The purpose of "atomic operation" is to guarantee read/write be not-broken (load/store value fully in single operation). And second, more important feature, is to specify memory ordering related to other reads & writes.

On x86 aligned integer reads/writes will be "atomic" as in they won't provide broken values, as you already tested.

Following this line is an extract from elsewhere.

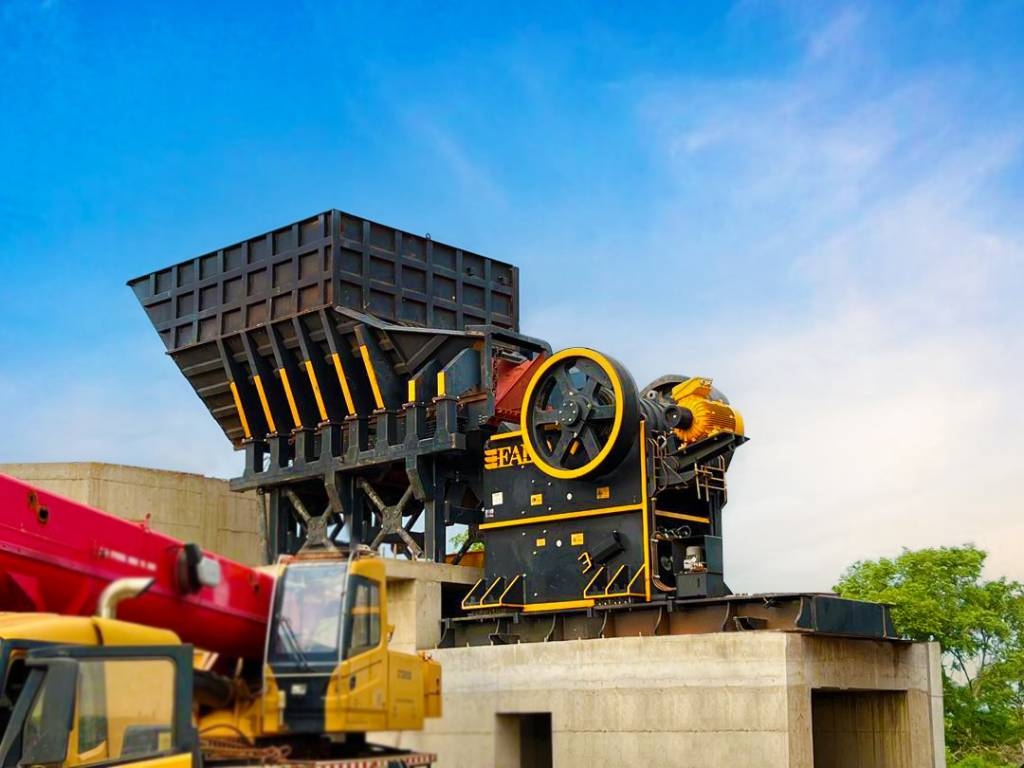 Fabo 500 T/H FIXED CRUSHING AND SCREENING PLANT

But also on x86 architecture code like this works without atomic ops because of its strong memory model. x86 has pretty strong guarantees in what order memory reads & writes come. That's why no atomic operations are required. On other architectures like ARM this will fail terribly, because ARM has weak memory model. There you will need to specify proper memory ordering rules otherwise your readers will potentially get wrong information out of the buffer.